Customers of the low-band phones are also likely to be disappointed. The two new low-band spectrums being used are great at penetrating buildings, and so data coverage might improve indoors. However, low-band spectrum, by definition, doesn’t carry a lot of bandwidth. A customer with a low-band 5G phone will likely get data speeds similar to 4G LTE. That is predicated upon living or working close to cell sites that have been upgraded to the new low-band spectrum – because many cell sites won’t yet carry the new spectrum.

There might be a short period of time where a customer with a low-band phone sees better performance – but that will be because they will be one of the few users of the new spectrum. As the more people use the new spectrum bands, the performance will look like that in similar bands of spectrum. I remember how early customers with 4G LTE praised the fast speeds, but those fast speeds fell back to normal within a short period of time.

The real bang with low-band spectrum will come in a few years after the cellular carriers perfect and integrate dynamic spectrum sharing into the 5G architecture. This is one of the new 5G features that let the cellular carriers combine multiple frequencies into a single data path to a customer. Today, a customer with one of the low-band phones will either be using the new low-band spectrum or traditional 4G LTE spectrum – but not both at the same time. The other benefit of the lower spectrum bands is that the spectrum will travel farther from a cell site, albeit at slower speeds.
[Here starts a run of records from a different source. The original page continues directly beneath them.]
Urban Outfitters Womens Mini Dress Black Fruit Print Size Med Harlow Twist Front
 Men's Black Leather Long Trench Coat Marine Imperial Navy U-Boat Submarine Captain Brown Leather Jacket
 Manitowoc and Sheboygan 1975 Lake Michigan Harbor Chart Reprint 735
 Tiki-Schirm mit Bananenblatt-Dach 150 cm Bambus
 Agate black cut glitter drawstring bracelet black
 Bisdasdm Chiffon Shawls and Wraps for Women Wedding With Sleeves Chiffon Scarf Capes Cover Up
The new phones will be confusing to customers for another reason – customers won’t be able to use these new phones to change carriers. A phone that can receive AT&T’s 850 MHz spectrum is not going to receive T-Mobile’s 600 MHz spectrum. A customer changing carriers with one of the new phones is going to only get traditional 4G LTE at a different carrier. This is going to become the new norm for the next decade as the carriers start using drastically different bands of spectrum.

Unfortunately, the cellular companies aren’t being straight with customers and are touting these new phones as high-performance 5G. The phones are not yet 5G since they don’t incorporate the best new features of the 5G standards – instead, they are 4G LTE phones that are adding new choices of spectrum. Perhaps the new phones can be labeled as 4.1 G, but I think even that would be generous.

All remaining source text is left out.